I am new to proving in math so I want to know if this informal proof of limits is possible:
Theorem: If $\lim_{x \to a}f(x)=A$ and $\lim_{x \to a}g(x) = B$, then $$\lim_{x \to a}[f(x)+g(x)]=A+B$$
$\lim_{x \to a}[f(x) + g(x)] = A + B$ is the same as $\lim_{x\to a}[(f(x)-A) + (g(x) - B)]=0$.
Also, $$0 \le |(f(x)-A) + (g(x) - B)| \le |f(x)-A| + |g(x) - B|.$$ Since $\lim_{x\to a} f(x)-A=0$ and $\lim_{x\to a}g(x)-B=0$, we know $$0 \le \lim_{x\to a}|(f(x)-A) + (g(x) - B)| \le 0.$$ So, $\lim_{x\to a}[(f(x)-A) + (g(x) - B)] = 0.\ \square$
If my proof is wrong what is wrong with it and how can I correct it? Also, why is the proof in Apostol II on page 248 of limits correct? Why didn't he use limits ($\epsilon,\delta$) as he did in Apostol I on page 132? Also, why did he assume that the limits A and B are 0 then say that proves it for all cases?
This is Apostol's proof(Theorem 8.1) in vector valued functions of vector variables. Is this proof also valid for real valued functions of vector variables(scalar fields) ? Why didn't he use $\epsilon,\delta$ ?
Your proof starts with a good technique namely reducing the problem to a simpler case of it. Here you have $\lim_{x \to a}\{f(x) - A\} = 0$ and $\lim_{x \to a}\{g(x) - B\} = 0$ and you have to establish that $\lim_{x \to a}\left\{\{f(x) - A\} + \{g(x) - B\}\right\} = 0$
However you write that "we know that $$0 \leq \lim_{x \to a}|(f(x) - A) + (g(x) - B)| \leq 0$$ This step is not obvious from $\lim_{x \to a}\{f(x) - A\} = 0$ and $\lim_{x \to a}\{g(x) - B\} = 0$. At some point you do need to use $\epsilon , \delta$ arguments.
It would be better however to proceed to directly with $f(x), g(x)$ instead of $f(x) - A$ and $g(x) - B$. Try to use the definition of limits and there should not be any problem.
About Apostol's proof in Calculus II, can you show it here (by typing or more easily by attaching an image)? Then it would be possible to comment on it.
Update: After looking at Apostol proof (image attached) it is clear that he is using the already established theorems on limits of real valued functions (in Apostol 1 page 132) and he is using them very smartly to prove theorems related to vector valued functions.

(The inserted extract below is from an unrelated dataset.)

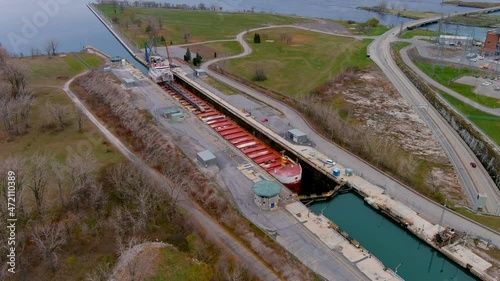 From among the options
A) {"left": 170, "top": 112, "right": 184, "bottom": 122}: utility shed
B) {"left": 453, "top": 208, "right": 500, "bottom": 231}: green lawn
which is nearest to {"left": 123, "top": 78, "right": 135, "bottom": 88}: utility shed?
{"left": 170, "top": 112, "right": 184, "bottom": 122}: utility shed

In Apostol 1, he does make use of $\epsilon, \delta$, but he proves the theorems under the assumption that $A = B = 0$ and says that this is sufficient to handle the general case. This means for example, that Apostol proves using $\epsilon, \delta$ (in Apostol 1) the following theorem:
If $\lim_{x \to a}f(x) = 0, \lim_{x \to a}g(x) = 0$ then $\lim_{x \to a}\{f(x) + g(x)\} = 0$
Assuming that you have understood this proof from Apostol 1, your approch to prove the result below is OK.
If $\lim_{x \to a}f(x) = A, \lim_{x \to a}g(x) = B$ then $\lim_{x \to a}\{f(x) + g(x)\} = A + B$
But you can't ignore the basic result when $A = B = 0$ which was proved on Page 132 of Apostol 1.
Further Update (based on OP's comments): How does $A = B = 0$ version imply the general version? I have to say that you have answered exactly this part correctly in your question. Only thing was that you did not know that you were assuming the already established special case of $A = B = 0$ and that's why I objected that your statement "we know that ...." is not obvious.